Show HN: Hamilton's UI – observability, lineage, and catalog for data pipelines

https://github.com/DAGWorks-Inc/hamilton/tree/main/ui

This contains the code for the new Hamilton UI. For an overview of getting started & features see this documentation. For a lengthier post and intro see our blog post.

One operational UI for all your dataflows

The Hamilton UI is a system that provides the following capabilities:

  1. Execution tracking with associated metadata
    • Provides a persistent database to store/manage these
    • Provides a server that allows reading/writing/authentication
  2. Data/artifact observability: provides telemetry/observability of Hamilton executions + specific function results/code through a web interface
  3. Lineage & provenance: allows you to quickly inspect how code and data is connected.
  4. Catalog: everything is observed and cataloged, so you can quickly search and find what exists and when it was run.

The UI is meant to monitor/debug Hamilton dataflows both in development and production. The aim is to enable dataflow authors to move faster during all phases of the software development lifecycle.

For an overview of some of these features you can watch this quick video.

Execution Tracking

Description1 Description2 Description3

See what's slow (left), pinpoint errors (middle) compare execution performance (right)

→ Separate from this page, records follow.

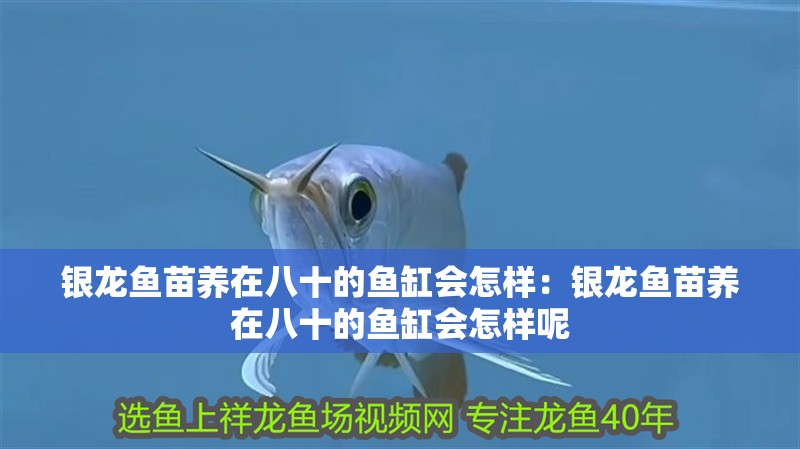 銀龍魚苗養(yǎng)在八十的魚缸會(huì)怎樣：銀龍魚苗養(yǎng)在八十的魚缸會(huì)怎樣呢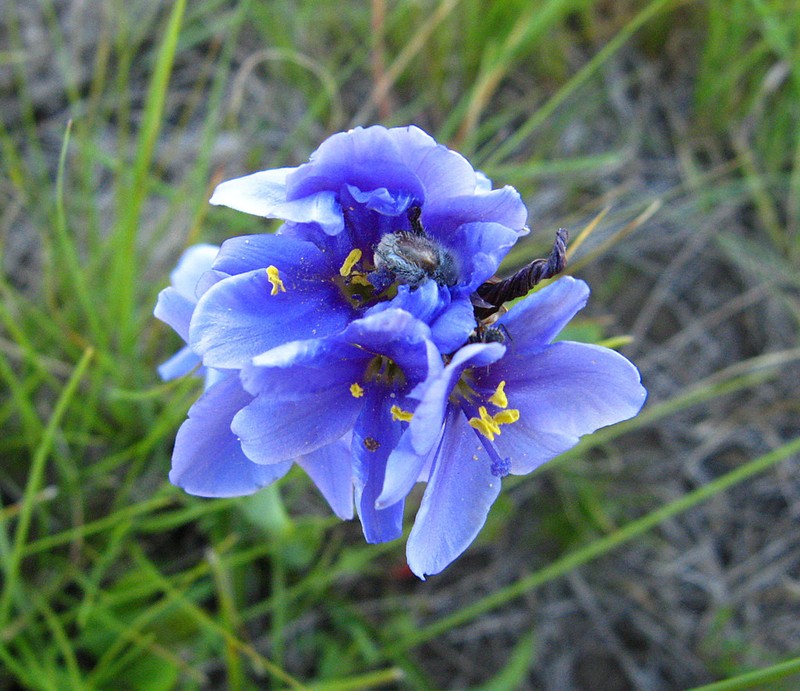 Aristea torulosa photo 7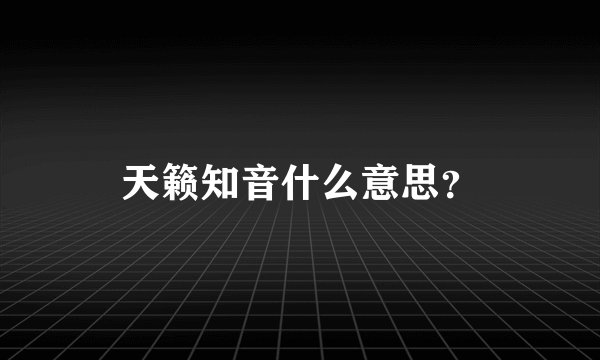 天籁知音什么意思？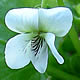 [photo of Small White Violet]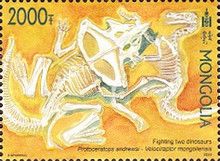 Dinosaurs Fossils Found in Mongolia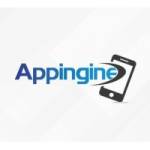 Appingine Chicago Mobile App Development Company Profile Picture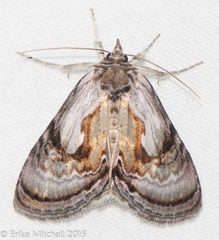 Chrysanympha formosa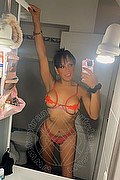 Sava Trans Escort Viviana 388 1530590 foto selfie 1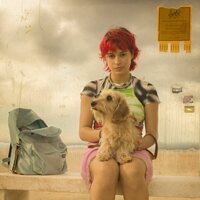 Foto de 'Rainbow'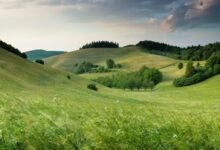 green hills with forest under cloudy sky during daytime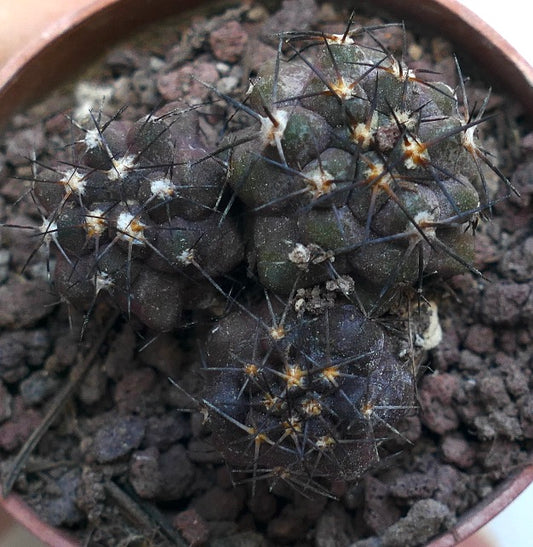 Copiapoa griseoviolacea X Copiapoa cinerea (3 SEEDLINGS) WE300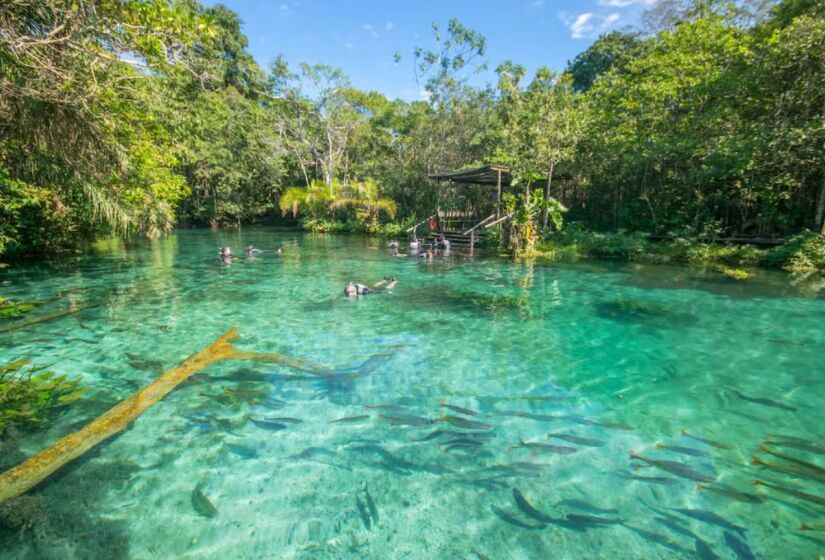 A flutuação na rio Nascente Azul é uma das experiências mais incríveis em Bonito (MS)/Divulgação/Nascente Azul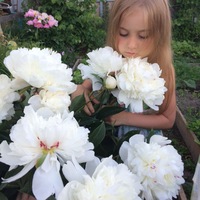 Светлана Нечаева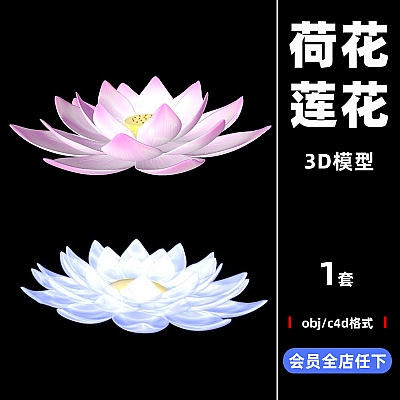 C4D创意莲花荷花卉植物动画工程模型3D立体场景建模设计素材C3345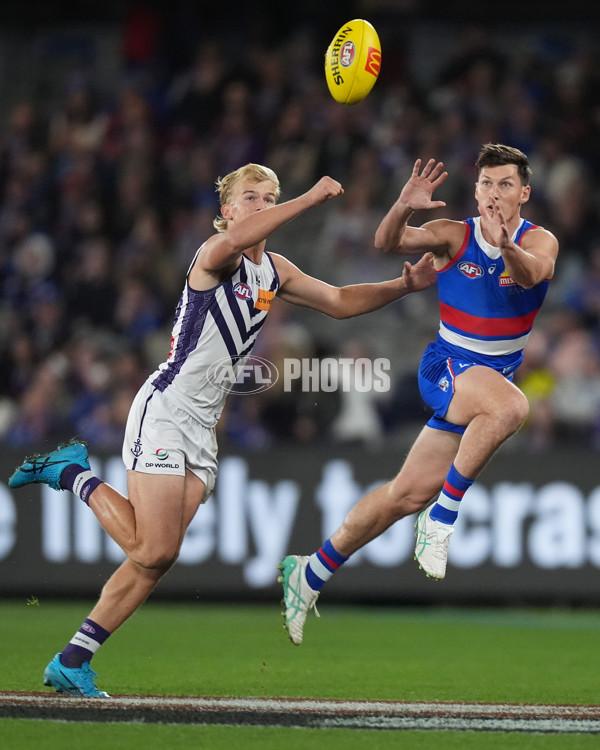 AFL 2024 Round 14 - Western Bulldogs v Fremantle - A-50999910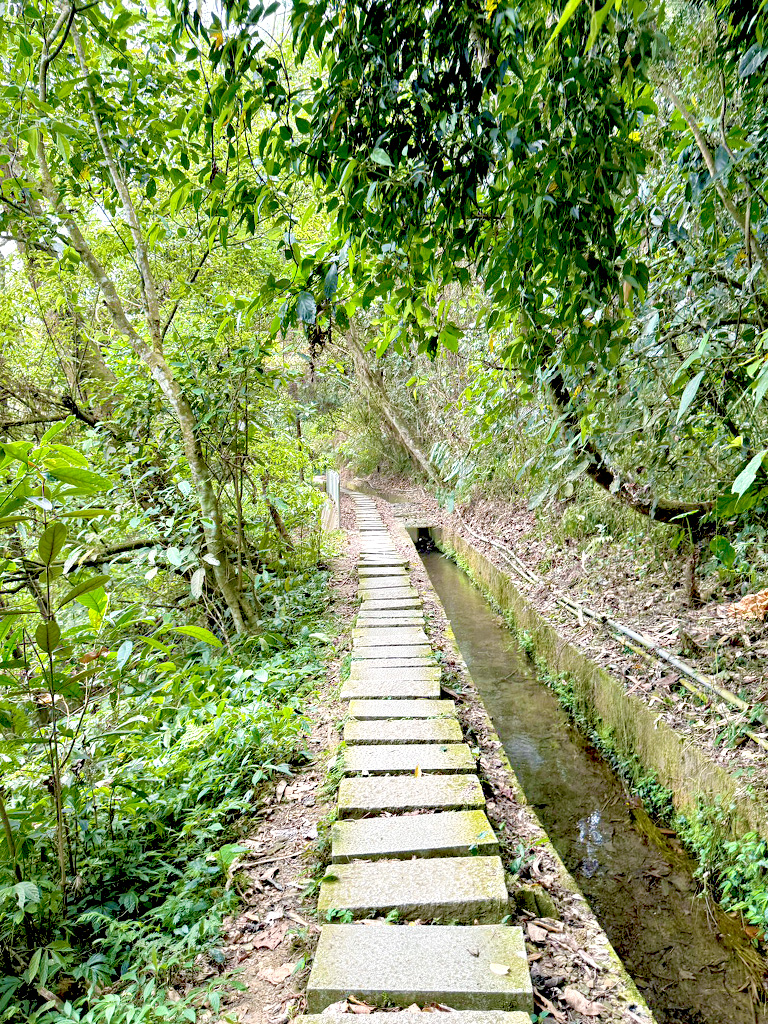 長源圳生態步道
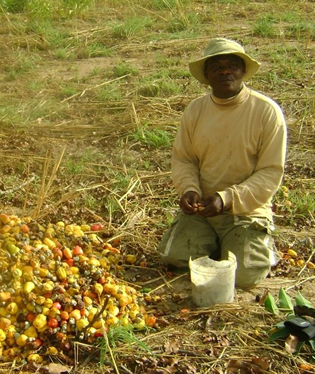 Groundnut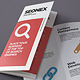 Tri Fold SEO Flyer - GraphicRiver Item for Sale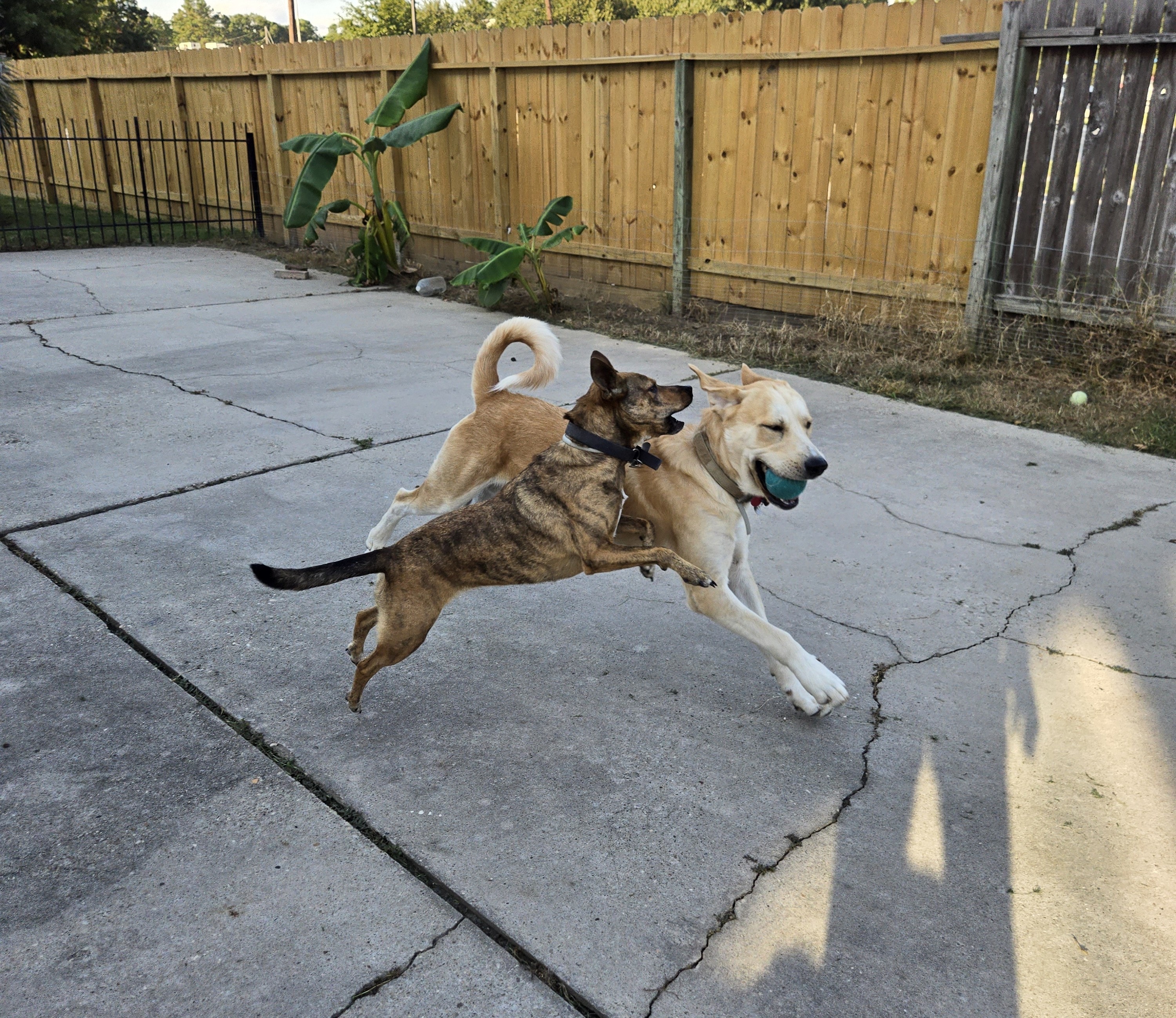 Play!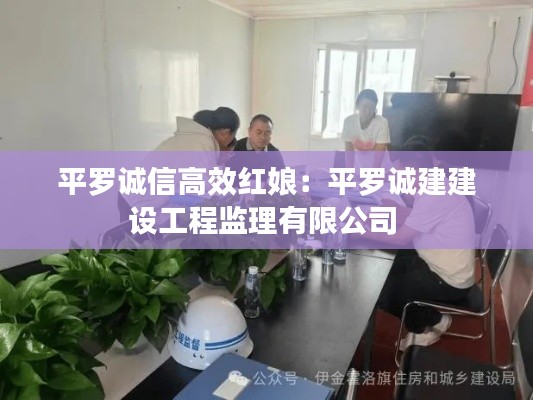 平罗诚信高效红娘:平罗诚建建设工程监理有限公司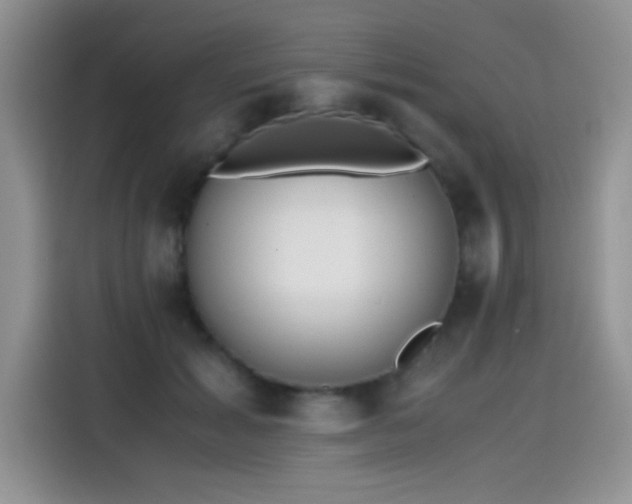 X0000115440605200911121125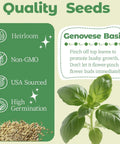 Genovese Basil Seed Pods Kit For Hydroponics Refill With Eight Grow Pods Seeds And Plant Food For All Indoor Gardens Includes high germination heirloom seeds and non-GMO USA-sourced Genovese basil plant.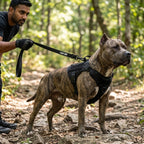LOCK DOG bite-proof dog leash with bolt carabiner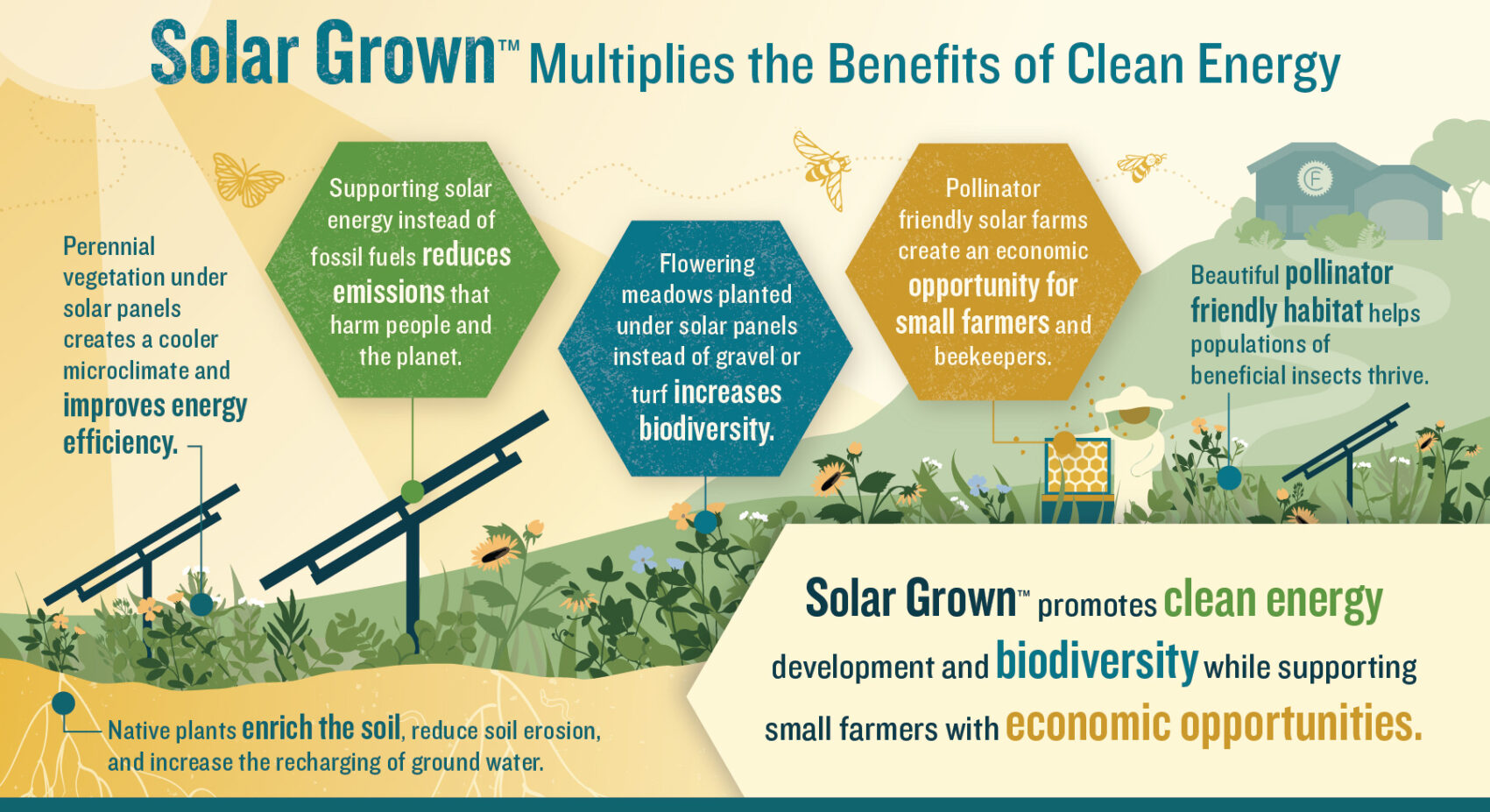 Benefits of Solar Grown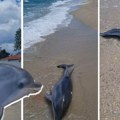 Ipak je ajkula! Jeza u čuvenom grčkom letovalištu: Delfin isplivao unakažen, srpski profesor analizirao ujed
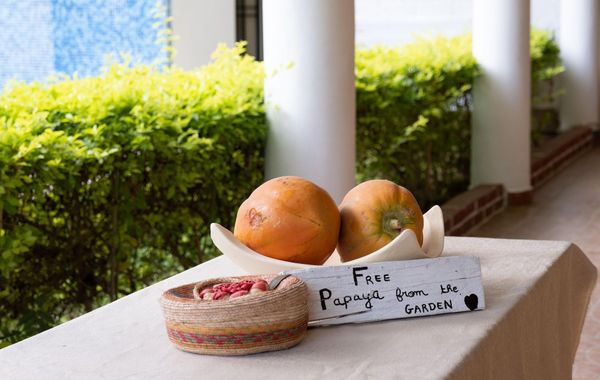 Lifestyle Hotel Juquilita - La Punta - Hoteles 4 estrellas en Puerto Escondido, Oaxaca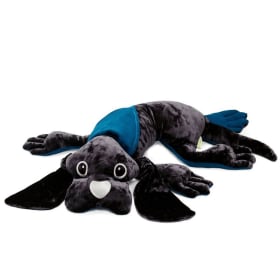 Certificat-cadeau FDMT - 50 $ item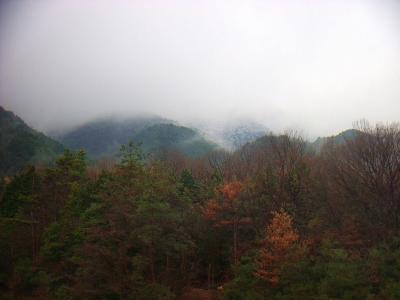 振り返ると上のほうはやはり白くなっていて雪が積もっているようだった。ここから道路を歩いて幻住庵のバス停からバスに乗ってJR石山駅へ行った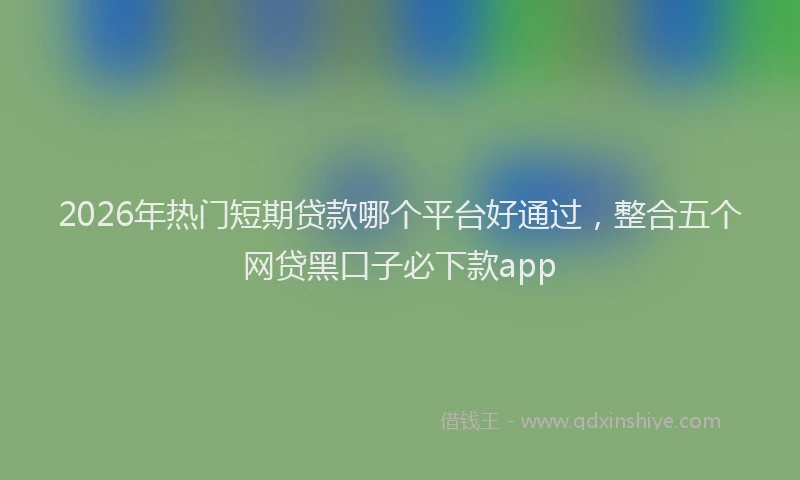 2026年热门短期贷款哪个平台好通过，整合五个网贷黑口子必下款app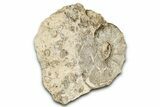 Cretaceous Ammonite (Mammites) Fossil with Brachiopods - Morocco #334941-2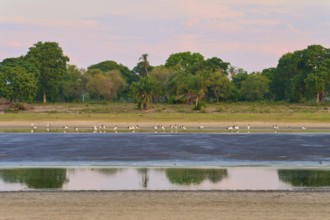 Birds in the water against a backdrop of trees and a calm, reflecting sky, Jabiru (Jabiru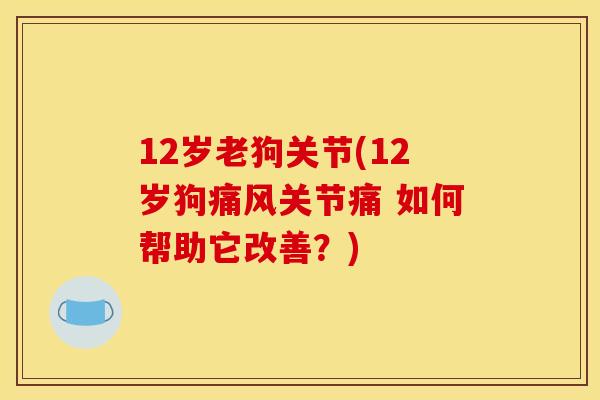 12岁老狗关节(12岁狗关节痛 如何帮助它改善?) 12岁老狗关节(12岁狗关节痛 如何帮助它改善?)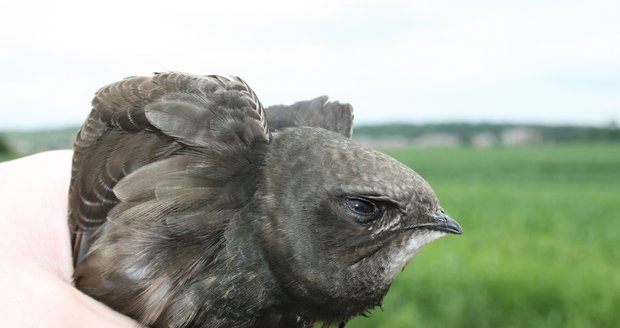 Chudák vyčerpaný rorýs umřel podle ochranáře Petra Stýbla několik minut po vzniku této fotografie.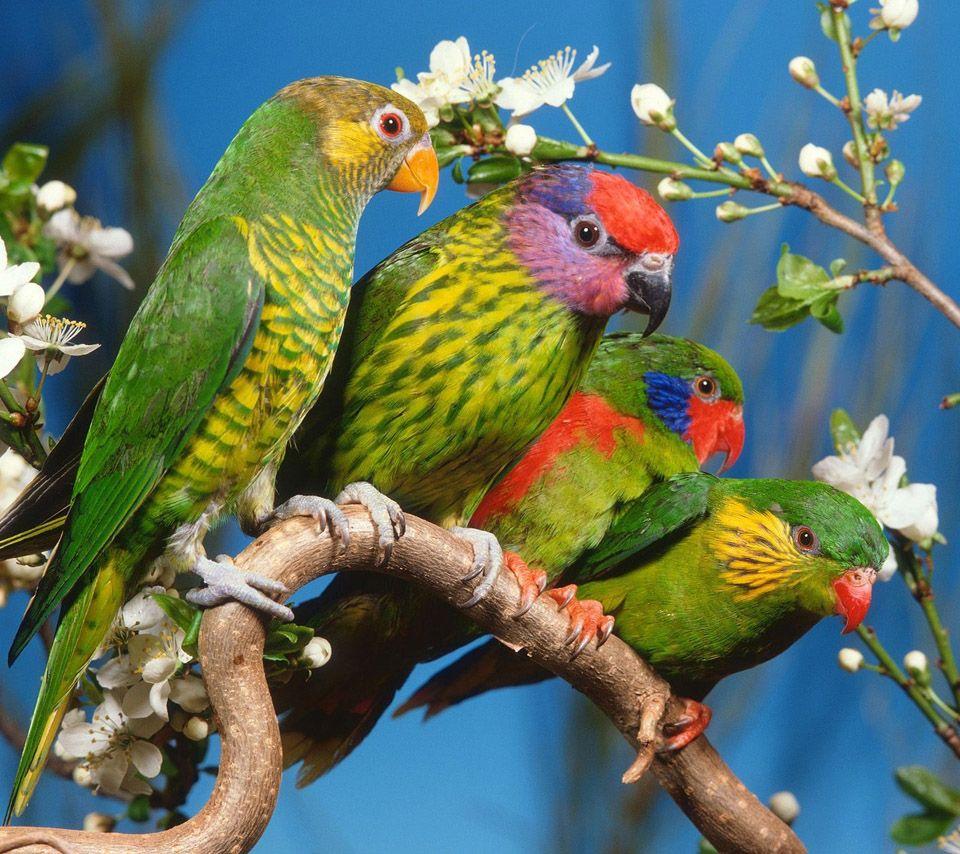 960x854 Inspirational Beautiful Image Of Flowers and Birds. Top Collection of different types of flowers in the image HD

Data/Artifact Observability

Description3 Description2 Description1

Visualize data for a run (left), track code the run used (middle) compare data across executions (right)

Lineage & Provenance

Description3 Description2

See how things connect: what's upstream/downstream (left), walk through code visually (right)

Catalog

Description3 Description2

Understand artifacts produced (left), find features and when they were used (right)

Getting started

You can watch this video walkthrough on getting set up.

Make sure you have docker running:

# clone the repository if you haven't
git clone https://github.com/dagworks-inc/hamilton
# change into the UI directory
cd hamilton/ui
# run docker
./run.sh

Once docker is running navigate to http://localhost:8242 and create an email and a project; then follow instructions on integrating with Hamilton.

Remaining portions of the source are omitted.